--- Activity ---
The answer is to be the lines below that lie between the line holding "Gas burner macro." and the line holding "Vrouw in openlucht", inclusive, transcribed exactly and free of pictures.

--- Supplied material ---
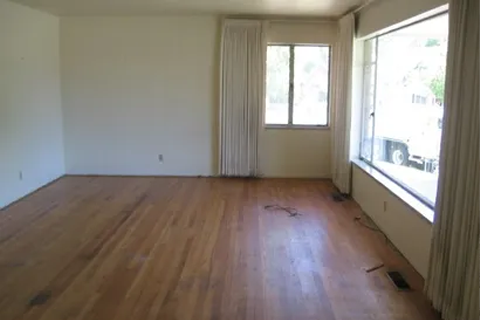 Empty living room with hardwood floors, light walls, and large windows with curtains letting in natural light.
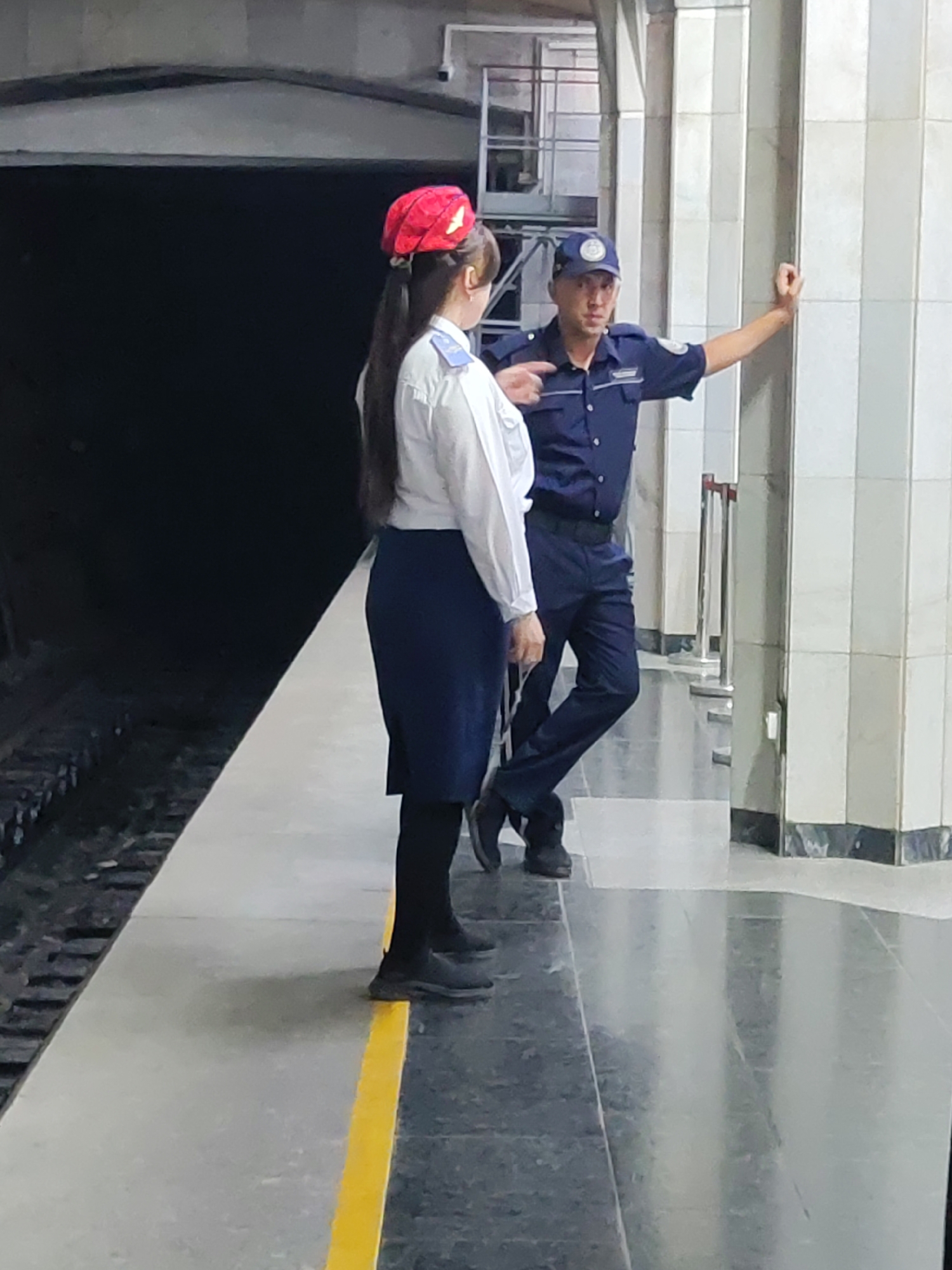 In Tashkent, Uzbekistan, two individuals are standing on a subway platform. On the left is a woman wearing a red and gold hat, a white collared shirt, and a dark blue skirt. She has long dark hair. On the right is a man in a dark blue uniform with a matching cap. He is leaning against a white tiled pillar and appears to be speaking with the woman. The platform has a yellow safety line along the edge closest to the tracks. The background shows a dark tunnel and large tiled pillars.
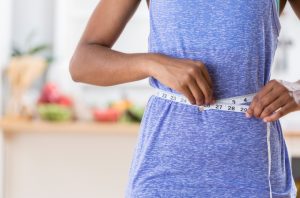 Woman Concerned About the Effects of Obesity on Health Measuring her Wasitline | Vitacost.com/blog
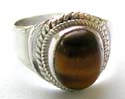 Sterling silver ring with double mini loop pattern holding a genuine oval shape tiger eye stone at center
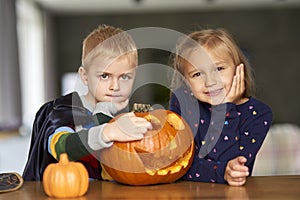 Little boy and girl with halloween pumpkin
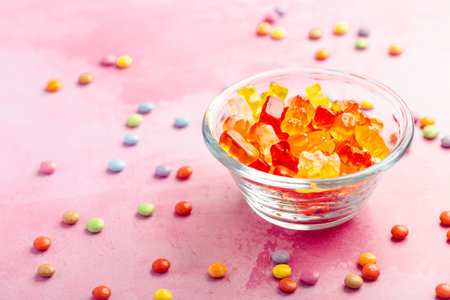 Gummy candy, colorful jelly bears in a bowl on pink background, selective focusの写真素材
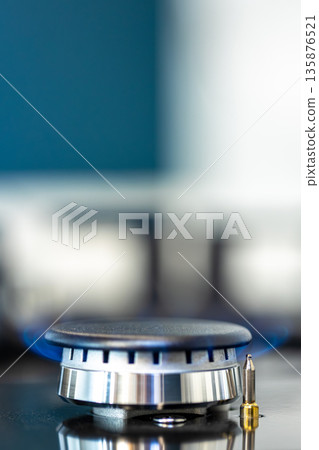 Gas burner macro. Blue flame. Modern cooktop 135876521
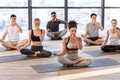 Young men and women in yoga studio practicing alternate nostril breathing exercises Royalty Free Stock Photo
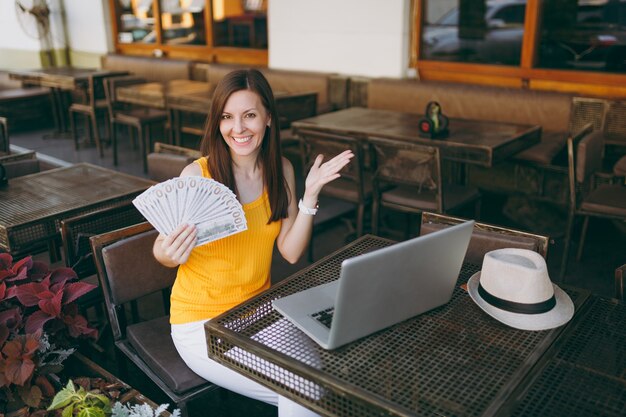 Vrouw in openlucht straat coffeeshop café zittend met moderne laptop pc-computer, houdt in de hand een stel dollars bankbiljetten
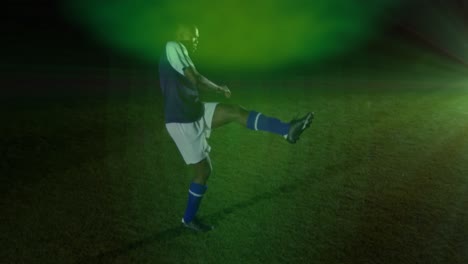 Animation-of-green-spot-of-light-against-african-american-male-soccer-player-kicking-the-ball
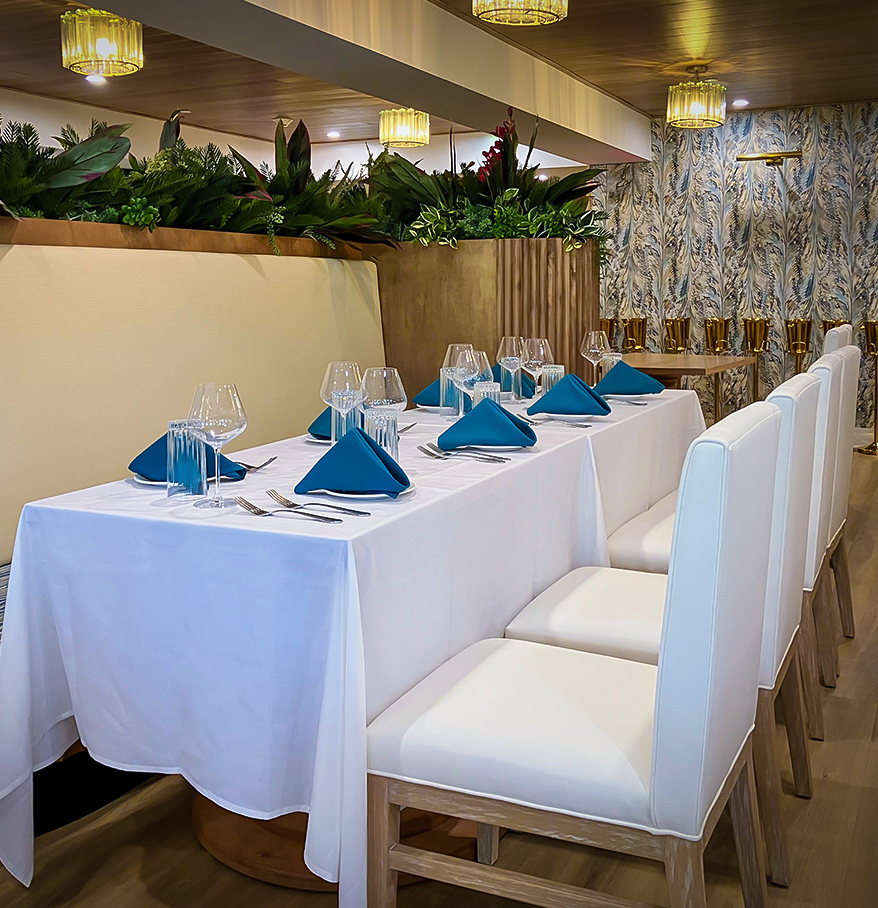 a table with white chairs and blue napkins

--- Output ---
 Gas burner macro. Blue flame. Modern cooktop 135876521
 Young men and women in yoga studio practicing alternate nostril breathing exercises Royalty Free Stock Photo
 Vrouw in openlucht straat coffeeshop café zittend met moderne laptop pc-computer, houdt in de hand een stel dollars bankbiljetten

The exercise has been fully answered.